Encourager les Français à privilégier les « purs » plans d’épargne retraite aux contrats d’assurance-vie, qui pèsent plus de 1 700 milliards d’euros en France ? C’est l’un des objectifs de la loi Pacte. Le rapport Barrot-Zagury allait même plus loin en envisageant clairement des transferts de l’assurance-vie vers l’épargne-retraite. Problème : il faut aussi rendre ces produits d’épargne-retraite suffisamment attractifs, comme le reconnaît Didier Davydoff dans son étude.

Pour développer l’épargne-retraite, l’OEE encourage les parlementaires à s’inspirer de l’Italie, où il est possible « de transférer des droits acquis dans un cadre différent (l’indemnité de fin de carrière – Trattamento di Fine Rapporto) vers un fonds de pension ». En France, l’OEE estime qu’il serait possible d’inciter « les bénéficiaires de l’indemnité légale de retraite à investir celle-ci dans une rente viagère ou en actions dans un PEA ».

Améliorer la culture financière des jeunes français

Le rapport Barrot-Zagury « considère qu’une éducation économique et financière doit être dispensée dans les écoles pour que les élèves soient à même de se projeter dans le monde économique, comme futurs épargnants et acteurs au sein de l’entreprise », comme le rappelle Didier Davydoff, dans ce document de l’OEE.
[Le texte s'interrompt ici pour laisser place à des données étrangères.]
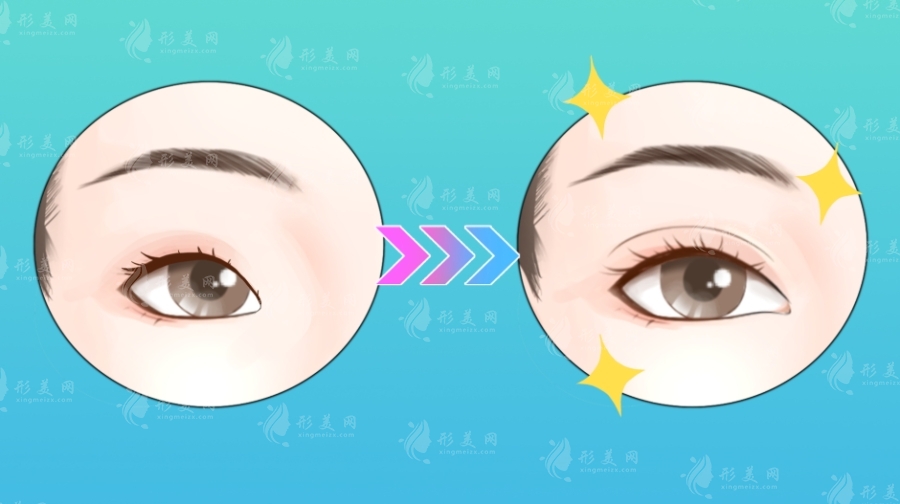 上海张楚双眼皮修复好吗?20年经验价格技术全解析 上海张楚双眼皮修复好吗?20年经验价格技术全解析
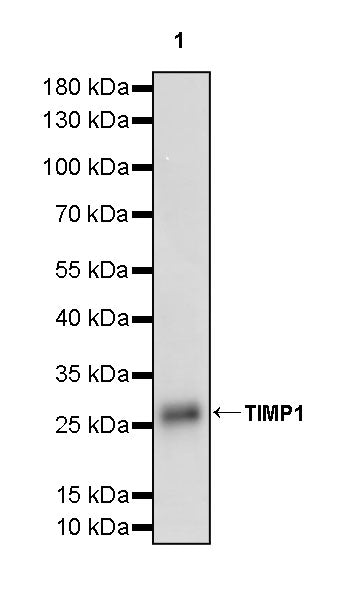 TIMP1 Recombinant Rabbit mAb (S-5147)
Sur ce point, l’économiste se base sur le rapport de l’OCDE portant sur l’éducation financière. Et il dresse un constat : si la connaissance du monde de l’entreprise n’est évidemment pas centrale, elle « fait explicitement partie des programmes d’éducation financière dans plusieurs pays identifiés par l’OCDE : l’Ecosse, l’Australie, le Japon et l’Afrique du Sud ». Des résultats concrets ? Difficile à dire. Mais l’OEE s’appuie sur le rapport de l’OCDE pour esquisser des initiatives envisageables en France : l’Observatoire de l’épargne européenne appelle de ses vœux des témoignages de « conférenciers bénévoles issus du monde de l’entreprise ». Pour l’OEE, leur présence devrait être encadrée par des directives nationales, et faire l’objet d’accords-cadres avec des fédérations professionnelles, homologuées par une autorité financière (Banque de France ou AMF).

Créer un « PEA jeune »

Le rapport Barrot-Zagury encourage la création d’un « PEA jeune » afin d’habituer les Français à prendre des risques et à investir en bourse. Pour l’heure, cette idée n’a pas été retenue dans le projet de loi Pacte. L’OEE évoque le compte ISA (Individual Saving Account) britannique, « qui peut être investi librement en dépôt bancaire rémunéré ou en actions ». Des parents peuvent ouvrir un compte Junior ISA au nom de leur enfant et en assurer la gestion, les versements faisant l’objet d’un plafond annuel. Ce compte se transforme en compte ISA classique à la majorité de l’enfant.

Sans aller jusqu’à créer un PEA jeune, l’OEE estime que l’épargne des mineurs tourne trop autour de comptes sans risque : Livret Jeune, Livret A, etc. Didier Davydoff propose ainsi que « permettre aux mineurs détenteurs d’un Livret A, d’allouer librement leur épargne à un compte dépôt ou à des actions, sur le modèle des Junior ISA britanniques », ou d’ouvrir les Livrets Jeunes à l’investissement en actions.